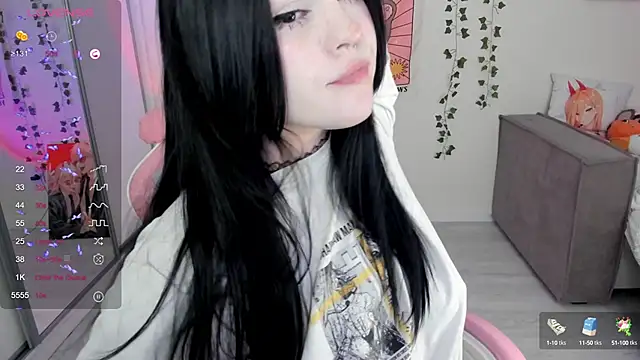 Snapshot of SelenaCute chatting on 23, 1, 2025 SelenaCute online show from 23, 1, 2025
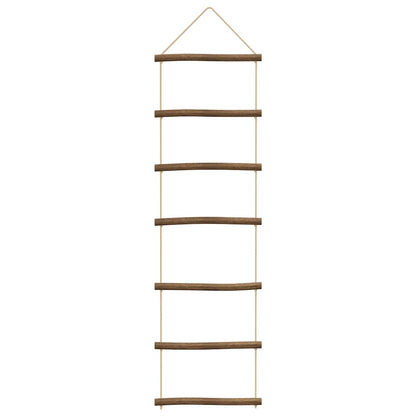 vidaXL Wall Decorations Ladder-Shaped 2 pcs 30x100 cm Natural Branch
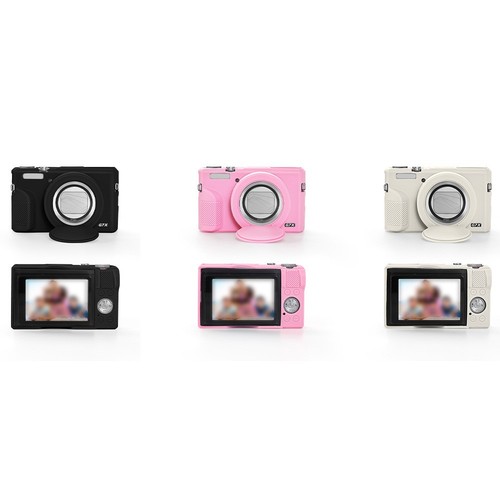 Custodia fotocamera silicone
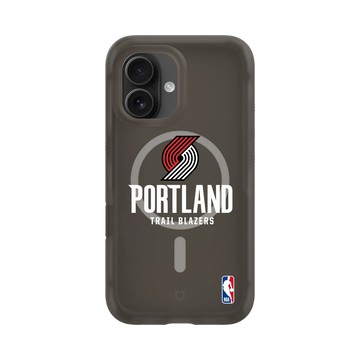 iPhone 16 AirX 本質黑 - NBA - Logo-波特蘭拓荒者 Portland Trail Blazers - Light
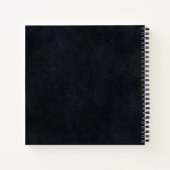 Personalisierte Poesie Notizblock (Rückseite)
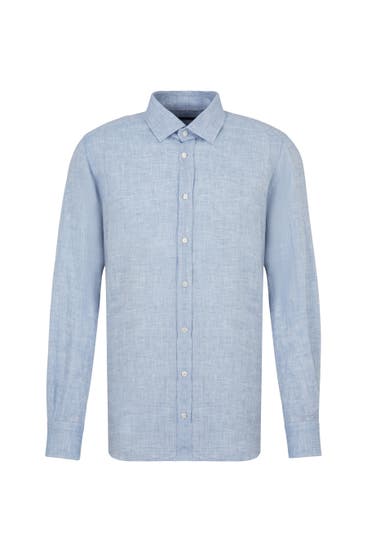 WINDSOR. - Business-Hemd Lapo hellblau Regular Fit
◇ ◇ ◇ ◇ ◇
• _Task item_
Your answer must be an exact repeat of all the records, minus the pictures.

• _Response to the exercise_
 Snapshot of SelenaCute chatting on 23, 1, 2025 SelenaCute online show from 23, 1, 2025
 vidaXL Wall Decorations Ladder-Shaped 2 pcs 30x100 cm Natural Branch
 Custodia fotocamera silicone
 iPhone 16 AirX 本質黑 - NBA - Logo-波特蘭拓荒者 Portland Trail Blazers - Light
 Personalisierte Poesie Notizblock (Rückseite)
 WINDSOR. - Business-Hemd Lapo hellblau Regular Fit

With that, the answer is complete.